*Input data*
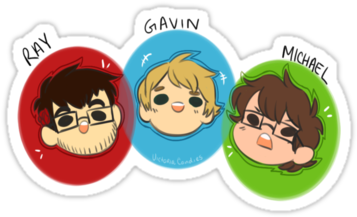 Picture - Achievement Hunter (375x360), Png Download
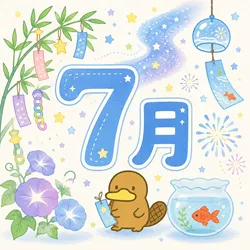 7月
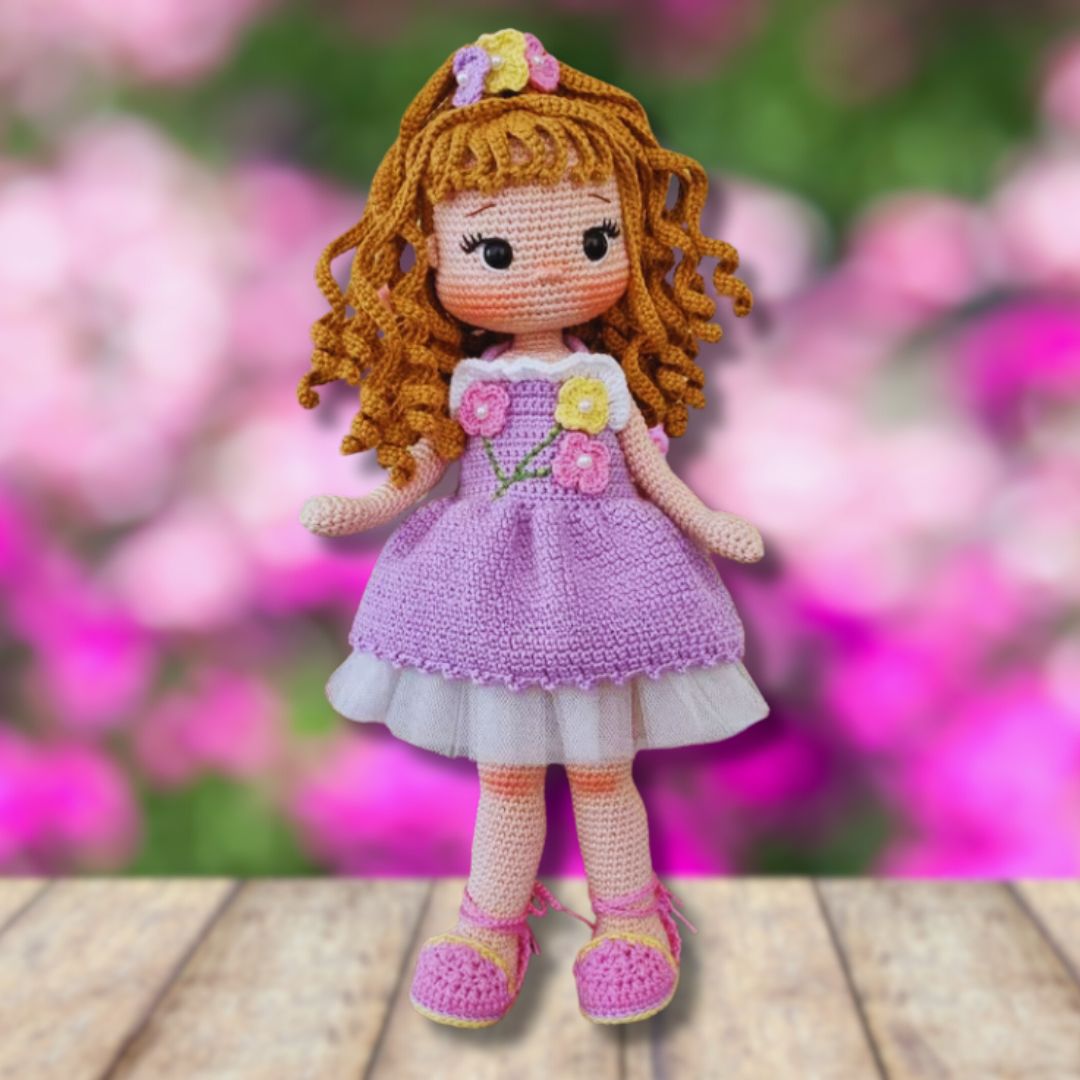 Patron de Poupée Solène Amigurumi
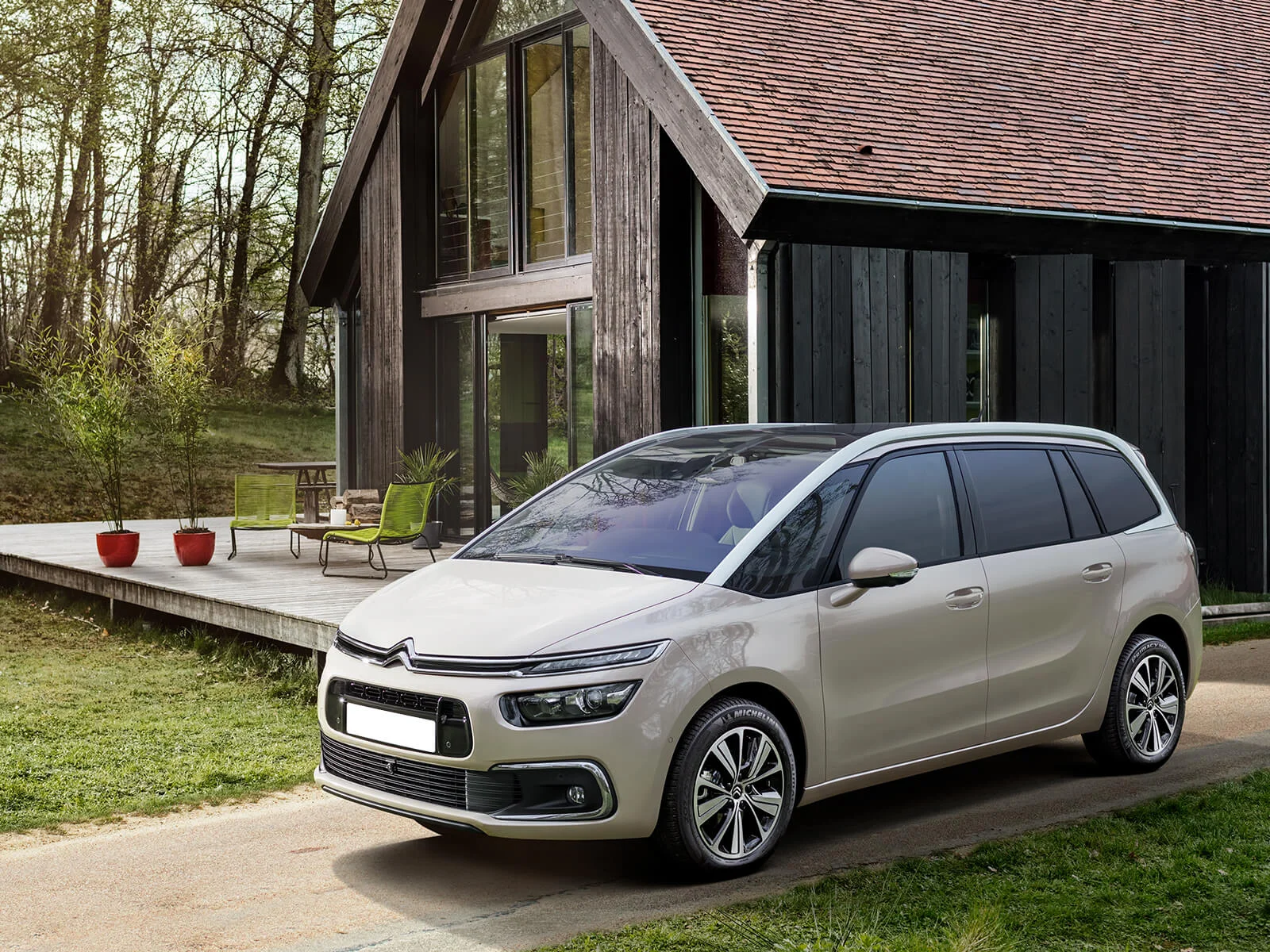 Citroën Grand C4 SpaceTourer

*About this task*
Reproduce the material exactly; keep pictures out.

*Written reply*
 Picture - Achievement Hunter (375x360), Png Download
 7月
 Patron de Poupée Solène Amigurumi
 Citroën Grand C4 SpaceTourer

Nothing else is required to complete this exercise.